La nouvelle parution est une bonne nouvelle. Même si elle s’inscrit dans une démarche d’instruments d’époques qui paraît a priori contraire à l’esprit du Titan. Face à Schuppanzigh qui lui reprochait les difficultés d’exécution d’un de ses quatuors, Beethoven n’a pas hésité à le rabrouer avec ces mots célèbres : « Que m’importent vos misérables instruments lorsque l’Esprit me parle ? ». On est dès lors un peu sceptique quand on lit les longs développements sur le choix d’un piano Pleyel de 1892 ( ?) ou le soin apporté au sein de l’Insula Orchestra pour le choix de chaque famille d’instrument. Mais comme leur nom l’indique, les instruments ne sont que des outils. C’est ce qu’on en fait qui importe. Et là, toutes les attentes sont comblées : tout d’abord dans le chef du pianiste, à qui il incombe d’ouvrir le discours par un long solo où plus d’un géant s’est retrouvé perdu. Bertrand Chamayou trouve d’emblée le ton juste, entre tonnerre, désolation et nostalgie d’un paradis enfantin, en liant les différents états d’esprit par une technique souveraine, qui parvient à faire sonner son Pleyel avec l’ampleur requise, sans en perdre la fragilité. Mais, contrairement à d’autres solistes trop « impériaux », il sait se faire plus humble et se mettre à l’écoute de ses partenaires lorsque les instruments de l’orchestre entrent en piste. Surtout qu’il trouve dans les membres de l’Insula Orchestra des partenaires à la hauteur. Les bois se couvrent de gloire dans des variations sublimes, qui s’apparentent à un dialogue entre romantisme et classicisme, les cordes sont solidement ancrées dans les graves, et les cors offrent un festival de sonorités « naturelles » qu’il est bien rare d’entendre jouées aussi justes. Tout cela est d’autant plus remarquable que l’enregistrement est un « live ».

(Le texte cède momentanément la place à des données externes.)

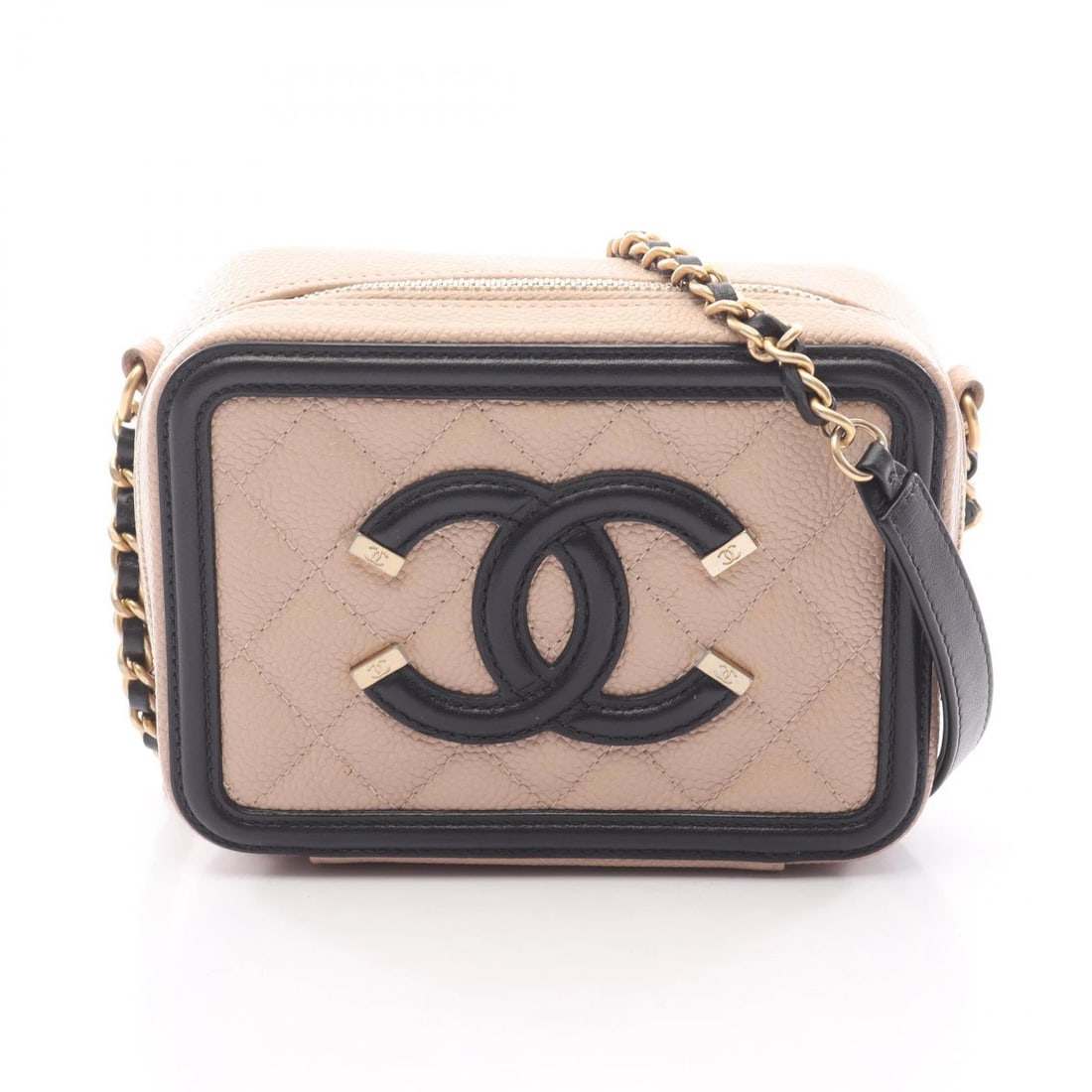 CHANEL CC FILIGREE MATELASSE CHAIN CROSSBODY SHOULDER BAG: CHANEL CC Filigree Matelasse chain crossbody Shoulder Bag Brand: CHANEL Type: Shoulder Bag Material: Calfskin (cowhide) Color: Pink??ish colors × Black??ish colors Size: H:10cm x W:14cm x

Après tant de joies, on se prend à craindre l’entrée des voix. Sera-t-elle au même niveau ? Oui, grâce d’abord à un choix de format intelligent de la part de Laurence Equilbey. Plutôt que de s’encombrer d’éléphants wagnériens, ou de faire l’erreur de confier des parties solistes à des membres du chœur, elle a convié des chanteurs au format mozartien idéal, qui phrasent leurs parties avec sensibilité et qui parviennent à imposer leur présence sans faire un numéro d’opéra hors de propos ici. On saluera particulièrement les interventions délicatement ourlées de Stanislas de Barbeyrac, qui nous envoient au septième ciel. Le chœur Accentus, en effectif raisonnable, détaille le texte avec une clarté qui nous change des formations « symphoniques », mais sans rien oblitérer de la puissance que Beethoven met au service de l’expression, et les dernières mesures soulèveront de leur siège les plus blasés.

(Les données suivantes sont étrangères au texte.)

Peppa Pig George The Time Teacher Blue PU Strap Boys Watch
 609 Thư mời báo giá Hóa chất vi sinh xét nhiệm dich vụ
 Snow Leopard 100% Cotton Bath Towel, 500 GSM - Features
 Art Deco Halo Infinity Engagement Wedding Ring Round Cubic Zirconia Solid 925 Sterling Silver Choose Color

En complément de programme, le Triple concerto, lui aussi sous-estimé, trouve une lecture de référence sous les doigts de David Kaddouch (piano), Alexandra Conunova (violon) et Natalie Clein (violoncelle), qui montre par son engagement que l’œuvre est bel et bien ce concerto pour violoncelle un peu caché que Beethoven a légué à la postérité. Là aussi, les timbres agréablement boisés d’Insula et la direction apollinienne de Laurence Equilbey font merveille. Dans les deux cas, le « live » n’empêche pas que la prise de son soit de référence, du genre qu’on fait écouter aux étudiants-ingénieurs, pour leur montrer à quel degré de naturel un disque peut parvenir. A n’en pas douter, les festivités du 250ème anniversaire commencent bien, et on espère encore beaucoup de parutions de cette qualité.